Para a segunda safra de milho de 2023, as preocupações são as mesmas e a baixa na margem de lucro é semelhante. Os cálculos de Marcos Araújo apontam para um custo total de R$ 5431,39 por hectare - contra R$ 4408,91 da safrinha 2022 - e um lucro esperado de R$ 1741,01 por hectare, enquanto a média da anterior foi de R$ 2454,31. 

 

"Considerando:

Custo Operacional Efetivo (COE) R$4.244,69 por hectare

Custo Operacional Total (COT) R$4.555,04 por hectare

Remuneração dos Fatores (RFT) R$876,35 por hectare

Custo Total (CT) R$5.431,39 por hectare

Produtividade esperada 120 sacas por hectare

Preço de venda R$59,77 por saca

Receita Bruta (RB) R$7.172,40 por hectare

Margem Bruta (MB) R$2.927,71 por hectare

Margem Líquida (ML) R$2.617,36 por hectare

Lucro (L) R$1.741,01 por hectare". 

 

Valores da soja no Brasil até reagiram nos últimos dias, diz Cepea

No início da segunda quinzena de outubro, os preços da soja voltaram a subir no mercado interno na semana passada.

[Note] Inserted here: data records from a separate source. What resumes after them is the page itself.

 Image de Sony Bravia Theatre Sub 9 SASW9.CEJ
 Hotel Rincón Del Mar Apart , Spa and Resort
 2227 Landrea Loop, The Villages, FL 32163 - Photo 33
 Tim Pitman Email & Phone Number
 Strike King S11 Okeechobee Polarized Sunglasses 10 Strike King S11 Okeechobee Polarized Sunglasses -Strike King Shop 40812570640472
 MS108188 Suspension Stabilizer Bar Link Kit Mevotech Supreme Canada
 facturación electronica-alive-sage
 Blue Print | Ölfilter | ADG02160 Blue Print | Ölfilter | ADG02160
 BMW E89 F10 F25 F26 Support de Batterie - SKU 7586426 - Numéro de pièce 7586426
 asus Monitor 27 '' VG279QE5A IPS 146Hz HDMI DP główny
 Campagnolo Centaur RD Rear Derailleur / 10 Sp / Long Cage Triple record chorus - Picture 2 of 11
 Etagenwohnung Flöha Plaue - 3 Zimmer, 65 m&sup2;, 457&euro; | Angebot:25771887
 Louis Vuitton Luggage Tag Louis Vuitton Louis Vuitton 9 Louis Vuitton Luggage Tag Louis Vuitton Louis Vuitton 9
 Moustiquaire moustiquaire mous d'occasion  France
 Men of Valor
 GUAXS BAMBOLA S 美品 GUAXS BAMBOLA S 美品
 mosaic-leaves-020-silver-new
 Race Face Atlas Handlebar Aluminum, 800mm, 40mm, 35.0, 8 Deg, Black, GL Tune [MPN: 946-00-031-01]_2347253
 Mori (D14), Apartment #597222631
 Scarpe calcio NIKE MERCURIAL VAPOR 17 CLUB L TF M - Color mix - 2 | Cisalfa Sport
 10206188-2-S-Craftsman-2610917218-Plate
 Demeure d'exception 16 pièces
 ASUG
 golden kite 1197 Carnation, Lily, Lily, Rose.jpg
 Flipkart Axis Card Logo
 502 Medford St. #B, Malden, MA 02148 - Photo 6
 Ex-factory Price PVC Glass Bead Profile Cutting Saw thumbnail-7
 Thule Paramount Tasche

Pesquisadores do Centro de Estudos Avançados em Economia Aplicada (Cepea, da Esalq/USP) destacam que o impulso veio das subsequentes chuvas nas principais áreas em que são plantadas a oleaginosa no Brasil, que têm atrapalhado os trabalhos de campo – no Paraná, alguns agentes já indicam necessidade de replantio em parte das áreas do oeste e sudoeste do estado. 

 

“Além disso, as valorizações nos contratos futuros externos também reforçaram o movimento de alta nos preços no Brasil. Neste caso, o avanço internacional esteve atrelado a estimativas indicando menor oferta de soja nos Estados Unidos”, disse o centro em nota.